DLR-RM / stable-baselines3

PyTorch version of Stable Baselines, reliable implementations of reinforcement learning algorithms.
https://stable-baselines3.readthedocs.io
MIT License
8.38k stars 1.61k forks source link

Training of PPO freezes after number of iterations #1886

Closed Ahmed-Radwan094 closed 3 months ago

Ahmed-Radwan094 commented 3 months ago

🐛 Bug

I built a custom Carla environment and implemented a script to train it with PPO. The training runs without any errors, however after a number of iterations, typically 50-60k, the code freezes. I validated that the code is stuck and doesn't call step function of the environment anymore.

Code example

try:
    carla_env = Carla(config)

    # create a custom feature extractor in stable baselines
    policy_kwargs = dict(
        features_extractor_class=CarlaDrivingPolicy,
        features_extractor_kwargs=dict(config=config),
    )

    model = PPO("MultiInputPolicy", carla_env, policy_kwargs=policy_kwargs,
                **config['RL']['PPO_algo_params'], verbose=1)
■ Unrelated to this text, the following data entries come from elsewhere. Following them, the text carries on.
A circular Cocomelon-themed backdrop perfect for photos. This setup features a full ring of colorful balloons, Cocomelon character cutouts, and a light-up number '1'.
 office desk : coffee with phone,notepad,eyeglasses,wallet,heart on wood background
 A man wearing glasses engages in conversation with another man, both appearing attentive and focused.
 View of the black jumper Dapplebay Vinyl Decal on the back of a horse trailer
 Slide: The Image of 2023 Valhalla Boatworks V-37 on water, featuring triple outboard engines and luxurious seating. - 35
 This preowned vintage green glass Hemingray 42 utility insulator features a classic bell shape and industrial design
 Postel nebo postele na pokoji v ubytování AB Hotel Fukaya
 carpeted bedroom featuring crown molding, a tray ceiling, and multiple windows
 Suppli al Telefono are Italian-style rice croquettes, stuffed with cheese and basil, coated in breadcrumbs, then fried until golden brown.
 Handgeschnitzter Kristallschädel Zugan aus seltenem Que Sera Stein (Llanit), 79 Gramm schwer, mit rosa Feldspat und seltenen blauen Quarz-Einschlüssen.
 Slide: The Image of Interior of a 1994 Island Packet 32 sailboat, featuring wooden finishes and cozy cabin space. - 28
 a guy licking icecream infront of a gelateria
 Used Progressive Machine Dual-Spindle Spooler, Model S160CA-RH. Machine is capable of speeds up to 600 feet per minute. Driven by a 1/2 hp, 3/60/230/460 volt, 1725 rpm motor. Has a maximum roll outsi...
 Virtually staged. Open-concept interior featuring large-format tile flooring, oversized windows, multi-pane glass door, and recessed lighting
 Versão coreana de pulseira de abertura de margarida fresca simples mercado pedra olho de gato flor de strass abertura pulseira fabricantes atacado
    # set up the model logger
    logger_path = config['RL']['logger_path']
    logger_object = configure(logger_path, ["stdout", "csv", "tensorboard"])
    model.set_logger(logger_object)

    # define the model path
    model_path = config['RL']['model_path']
    # set up checkpoint callback to save model at a certain frequency
    checkpoint_callback = CheckpointCallback(
        save_freq=config['RL']['checkpoint_save_freq'] // n_envs,
        save_path=model_path,
        name_prefix=rl_algorithm + "_carla"
    )

    # train the agent
    model.learn(**config['RL']['train_params'], log_interval=10, callback=checkpoint_callback)
    # close carla environment
    print("Training complete")
    carla_env.close()
# handle exception
except Exception:
    if carla_env:
        carla_env.close()
    traceback.print_exc()

Relevant log output / Error message

No response

System Info

Checklist

qgallouedec commented 3 months ago

Hey, have you checked you env with the env checker? Can you share the logs? What do you mean by freeze?

Ahmed-Radwan094 commented 3 months ago

Hey, thank you for the quick reply. I checked the env with env checker and I only received one warning from the action type casting.

/home/ahmed/miniconda3/envs/baselines_env/lib/python3.8/site-packages/gymnasium/spaces/box.py:130: UserWarning: WARN: Box bound precision lowered by casting to float32 gym.logger.warn(f"Box bound precision lowered by casting to {self.dtype}")

Ahmed-Radwan094 commented 3 months ago

By freeze, I mean the learn function is stuck in one step for more than an hour. There are no errors or process killed, and I verified Carla is alive and can be pinged.

qgallouedec commented 3 months ago

Have you tried to use your debugger and pause the process to see which line is involved?

Ahmed-Radwan094 commented 3 months ago

No, I didn't. The problem is this happens after large number of iterations, around 50-60k (random between each run) and I am not sure if it would be feasible to debug. I have verified that the step function is called, and suddenly it stops being called, and no new commands are received. Is there a way to log information about the current function being called in model.learn(...)

qgallouedec commented 3 months ago

I don't know which debugger you use, but you can usually manually pause whenever you want. As this is a custom environment, your best bet is to reduce your code as much as possible to converge on an MRE.

Ahmed-Radwan094 commented 3 months ago

I will try that and update the ticket. Thank you for the support.

Ahmed-Radwan094 commented 3 months ago

There was an exception in the environment itself and now it is fixed.